--- START ---

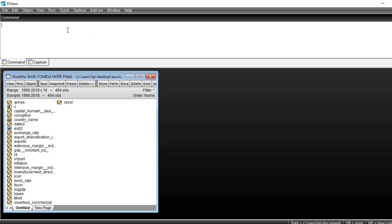Thanks a lot for listening to this video in which I'm going to show you how to run unit root tests in panel data analysis using eViews. Unit root testing in panel data analysis is not fundamentally different in eViews according to the procedure. The difference is in the different methods used in order to test for unit root.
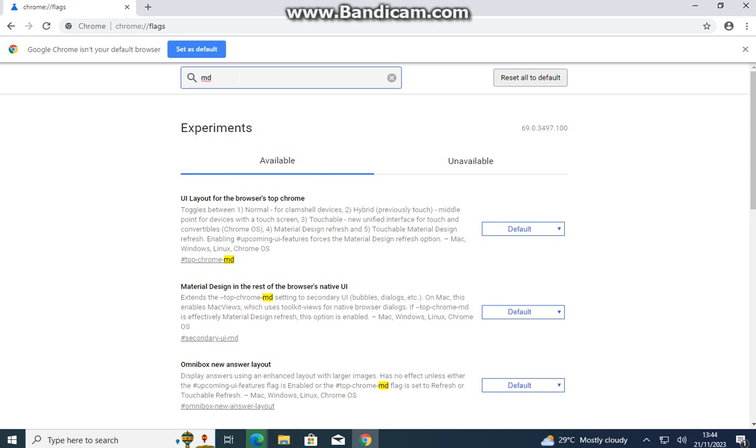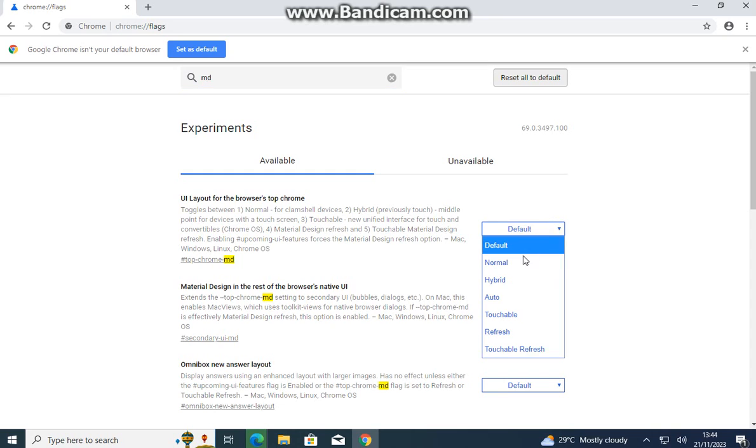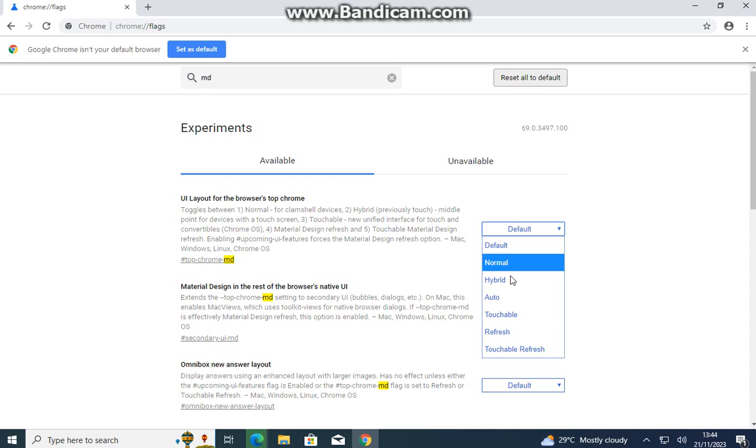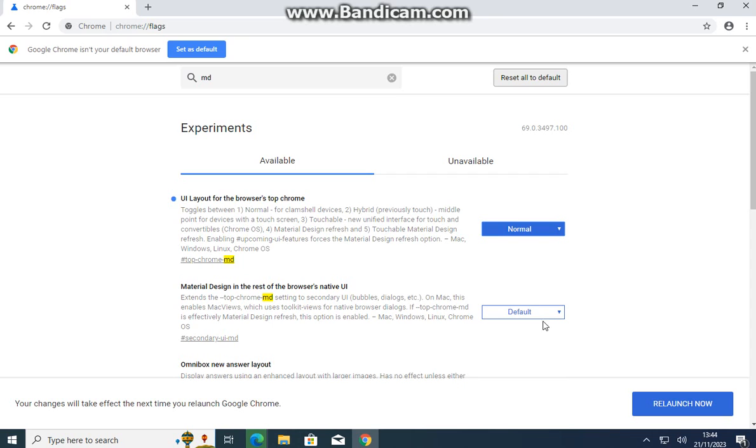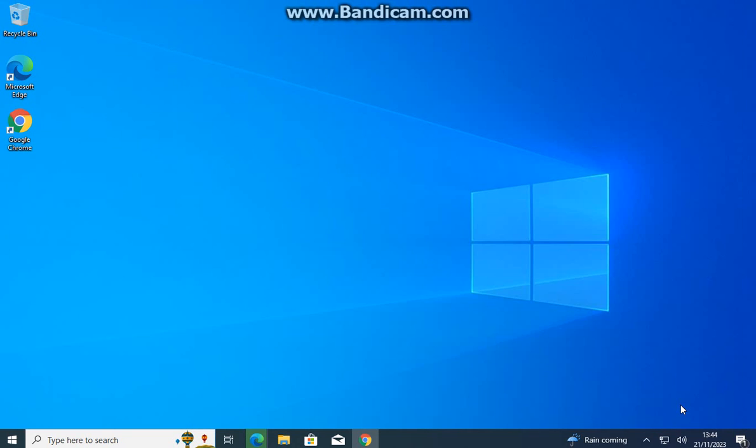You can pick normal or hybrid. I'll pick normal. Now we launch it and just wait.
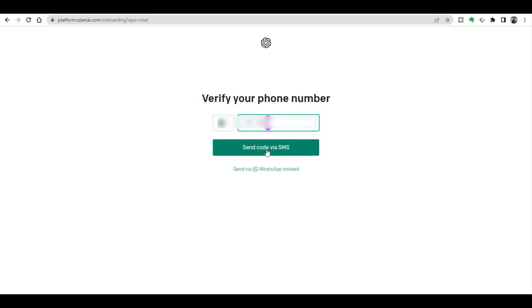Then it will take you to the next page where you will need to write your phone number. Here you can see two options: you can click 'Send code via SMS' or you can also opt for the option of 'Send code via WhatsApp'.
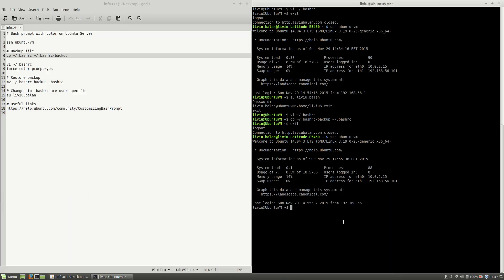So this is how you prompt with color in bash on Ubuntu server. If you want to learn more about Ubuntu server, about web technologies, you can check out my tutorials on YouTube and also visit my website liviubalan.com. Thank you for watching, bye bye.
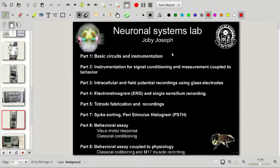Welcome to the Neuronal Systems Lab. In this lab, we will be looking at techniques and experiments which will be used for investigating physiological underpinnings of behavior. Mostly the techniques used are related to electrophysiology and behavior.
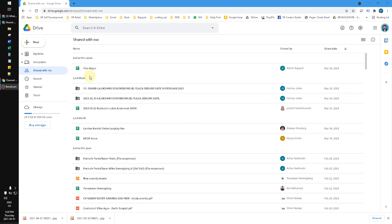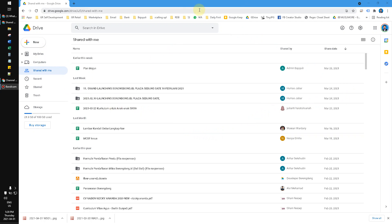Hi, hello everyone, welcome to this channel. In this video I will show you how to sort the files in Google Drive by last modified, especially for files that are shared with me — or files that somebody shared with you — so you can check whether the file has already been updated or not.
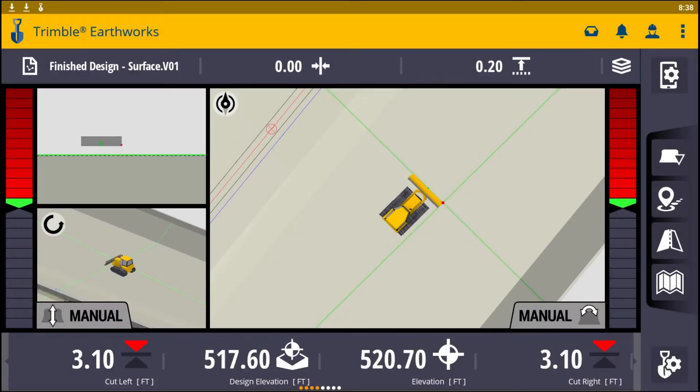Welcome to another Trimble Earthworks video. Today we are going to cover Auto Mode, which is found in the Work Settings menu.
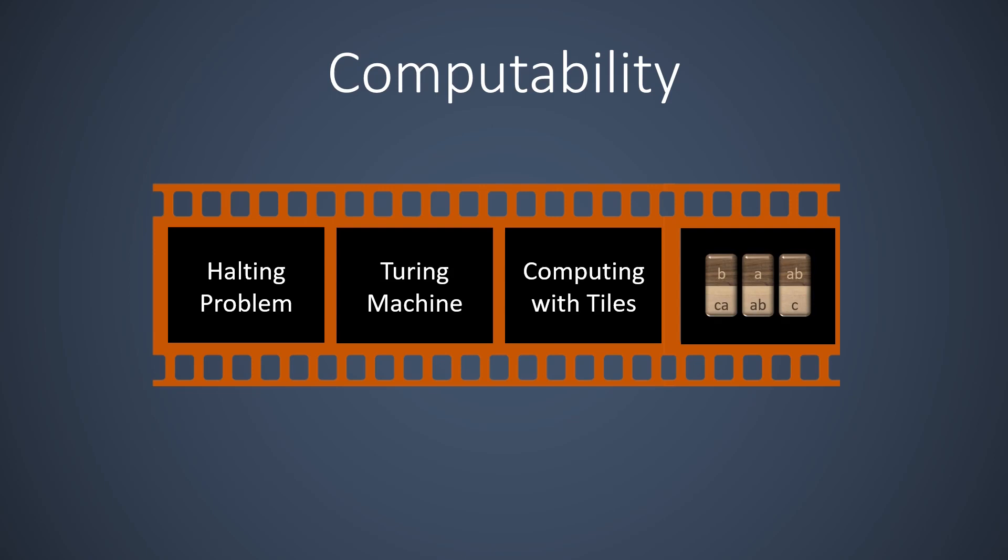PCP is interesting because we can study several PCP variants. Some of these variants are powerful enough to include undecidable problems, others are NP-complete, and others can be solved efficiently with a simple algorithm. So PCP nicely spans the whole spectrum of computation.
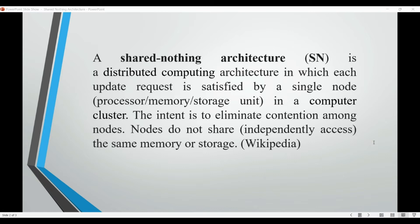Another example is a distributed file system, where files are distributed across multiple nodes, with each node responsible for storing and retrieving specific files.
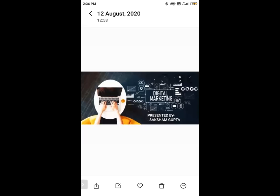Hi there. Today we have Saksham Gupta who is going to talk about digital marketing versus traditional marketing. Am I right, Saksham? Yes, Mohamed. Okay, so please go ahead.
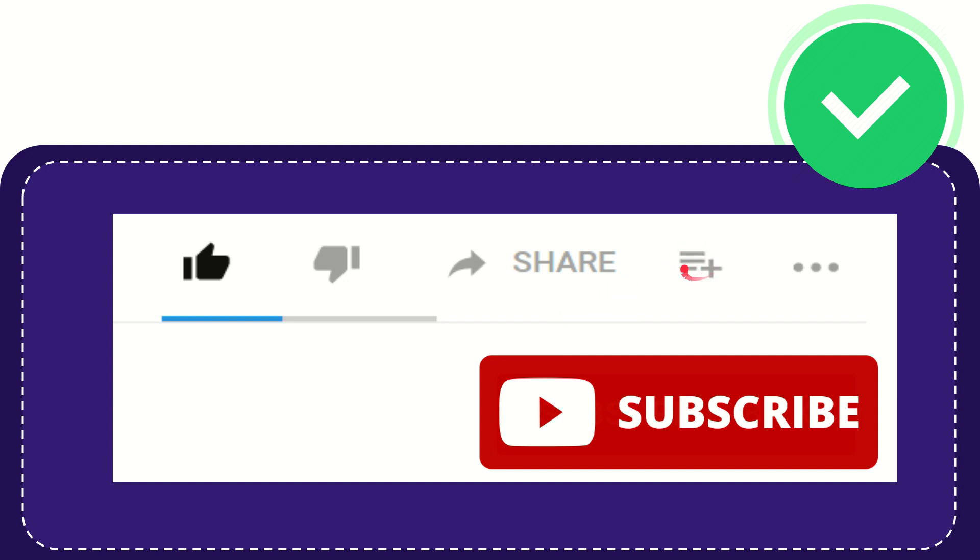And if you want to add this video to your playlist, you can click this one. You can watch this video later and you can find more options by clicking these three dots.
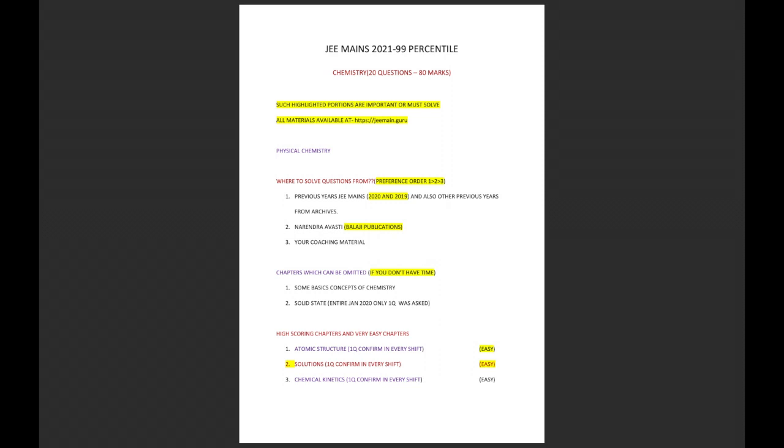One interesting thing about solid state is that only one question was asked in the entire January 2020 shift, and even in September 2020 very less questions were asked. Now very high scoring and easy chapters: atomic structure, one question is confirmed in every shift. Solutions, again one question is confirmed in every shift. For all the chapters in physical chemistry, you should follow all the three materials that I have told - previous year is a must, Narendra Awasthi is a must, and your coaching material is also a must.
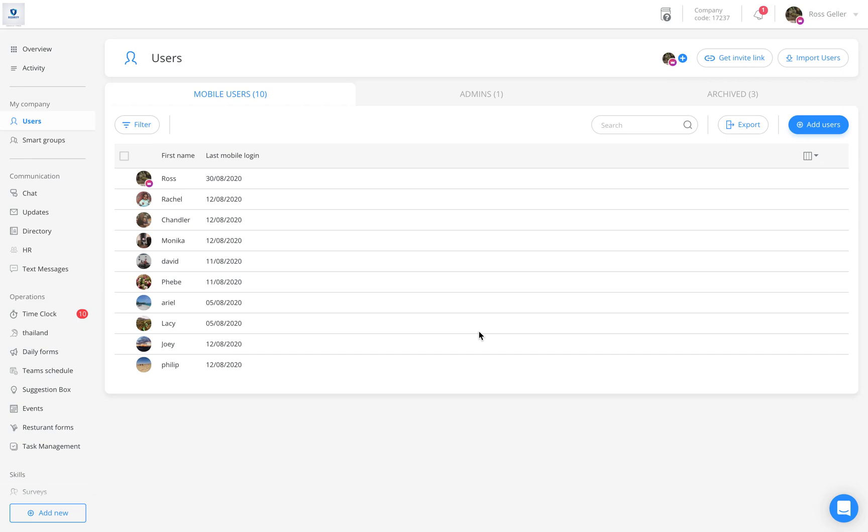Welcome to the add users tutorial. Today we're going to demonstrate how to add users both from the dashboard and from the mobile app.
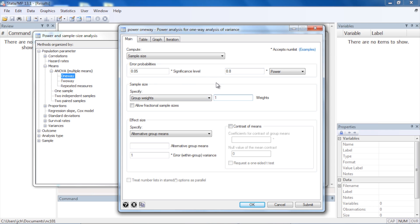Next, I'm going to specify the group weights for my sample size calculation. Let's assume I have three groups to compare. To allocate the sample equally across all three groups, I can type 1 1 and 1. If I wanted twice as many people in group 2 as in groups 1 and 3, I could type 1 2 and 1. But let's start with 1 1 and 1 for equal numbers of subjects in each group.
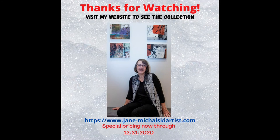Thanks so much for watching. Additional information about each piece and how to purchase can be found on my website.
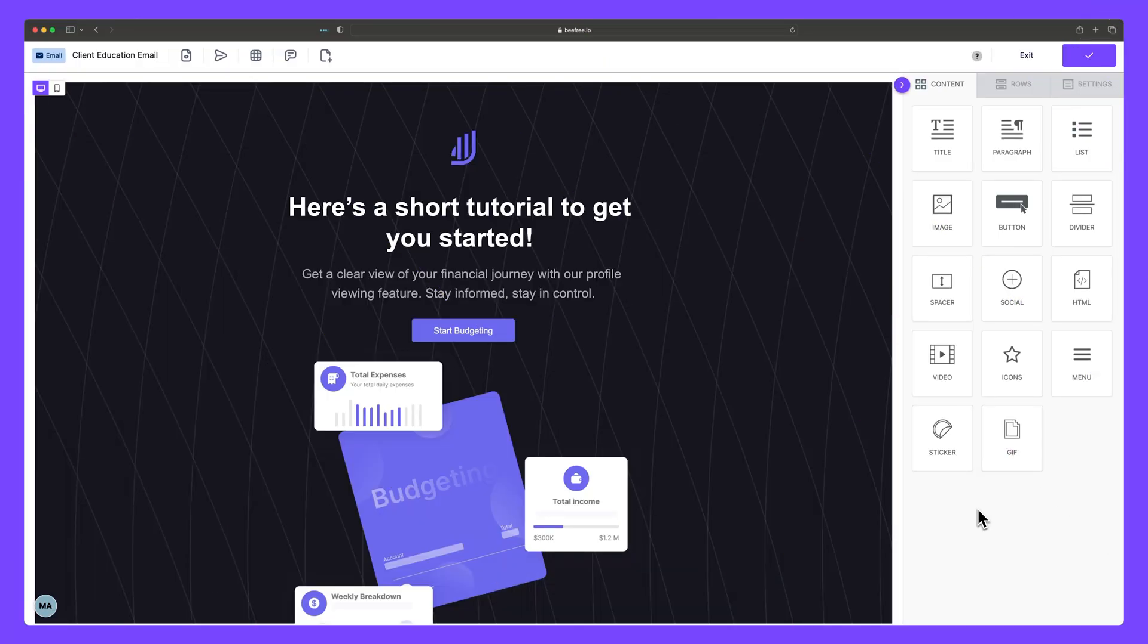That's all for this video. Unlock your team's creative potential and supercharge your marketing efficiency by trying our Account Engagement Connector today. Thanks for watching.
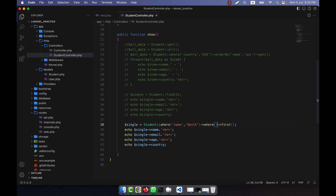I hope you have understood the basics of how we can get or retrieve data from the database using Eloquent ORM and using the model.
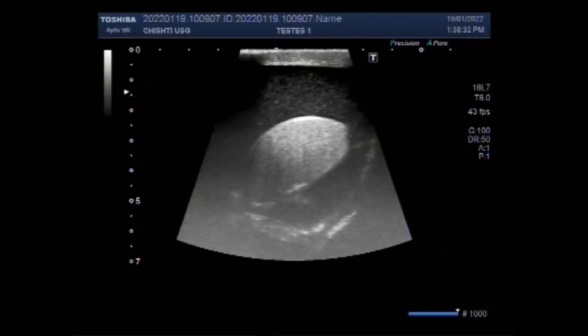Dear viewers, I hope you are all fine. This ultrasound video shows a large scrotal pyocele — an idiosyncratic pyocele.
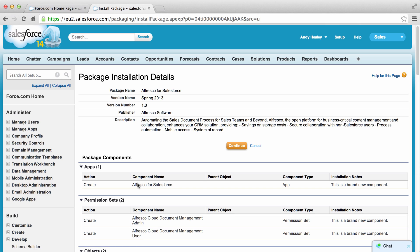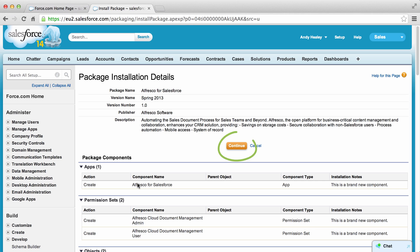The package installation details screen displays showing Alfresco for Salesforce details including the package name, version name, version number, the publisher name, description of the application and the package components. Click continue.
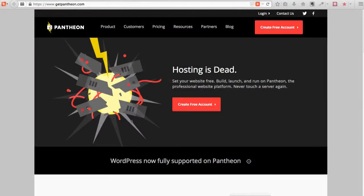In this series of videos, we're going to take a look at Pantheon hosting for Drupal. Getpantheon.com is where you want to go, and I can't say enough about Pantheon hosting.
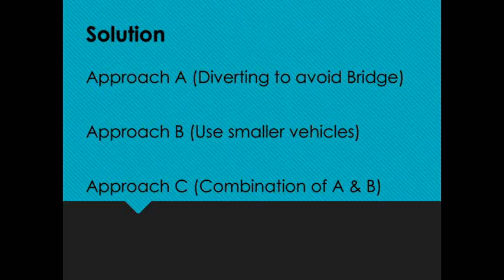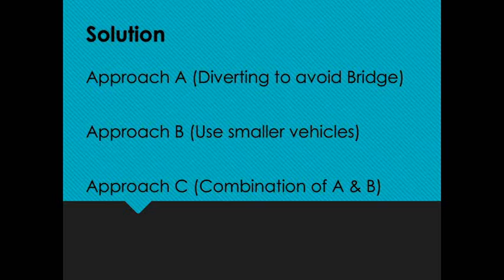Another approach is to use smaller vehicles — for example, using two 25-tonne vehicles instead of one 50-tonne vehicle to stay under the 40-tonne limit. Alternatively, a vehicle with several trailers can decouple, take one trailer across, come back for the other, and then reconnect. It comes down to costs: is it cheaper to divert with the heavier vehicle, or to use smaller vehicles? Generally you'd go with the least cost solution, and it could also be a combination of both, depending on origin and destination.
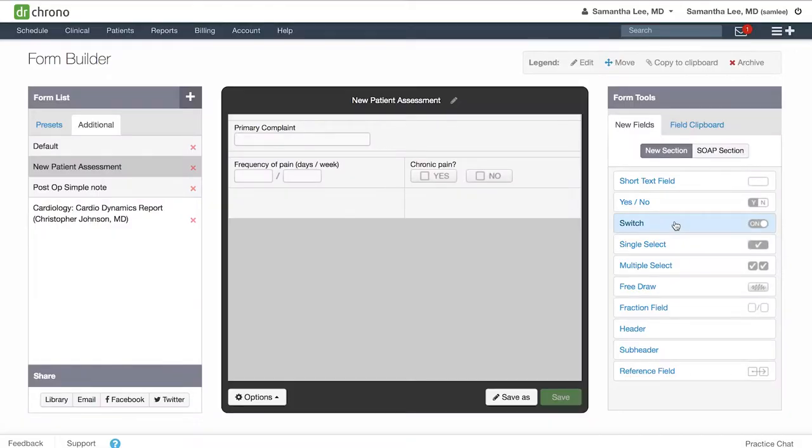Switches have two main functions. The first, you can use switches to populate common recommendations or procedure notes or other documentation that you frequently do in your clinical notation.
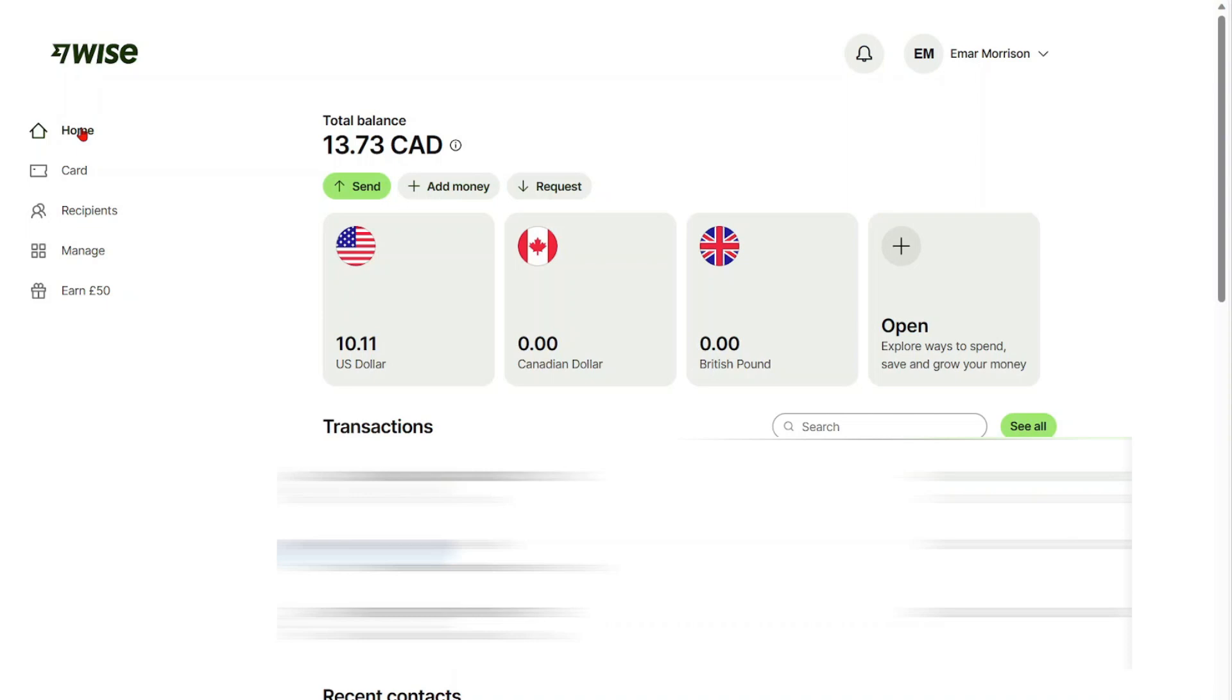What's up guys, welcome to my channel. In this video today I will be sharing with you how you can link your Wise bank account to your Stripe to receive payments. So first you need to get your bank account and routing number details from Stripe.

--- END ---

§ **Exercise prompt**
Please output exactly the lines of the data above, from its first line through the line with "Welcome to another", and nothing else; drop the pictures.

§ **Task result**
Thanks a lot for listening to this video in which I'm going to show you how to run unit root tests in panel data analysis using eViews. Unit root testing in panel data analysis is not fundamentally different in eViews according to the procedure. The difference is in the different methods used in order to test for unit root.
You can pick normal or hybrid. I'll pick normal. Now we launch it and just wait.
Then it will take you to the next page where you will need to write your phone number. Here you can see two options: you can click 'Send code via SMS' or you can also opt for the option of 'Send code via WhatsApp'.
So this is how you prompt with color in bash on Ubuntu server. If you want to learn more about Ubuntu server, about web technologies, you can check out my tutorials on YouTube and also visit my website liviubalan.com. Thank you for watching, bye bye.
Welcome to the Neuronal Systems Lab. In this lab, we will be looking at techniques and experiments which will be used for investigating physiological underpinnings of behavior. Mostly the techniques used are related to electrophysiology and behavior.
Hi, hello everyone, welcome to this channel. In this video I will show you how to sort the files in Google Drive by last modified, especially for files that are shared with me — or files that somebody shared with you — so you can check whether the file has already been updated or not.
Welcome to another Trimble Earthworks video. Today we are going to cover Auto Mode, which is found in the Work Settings menu.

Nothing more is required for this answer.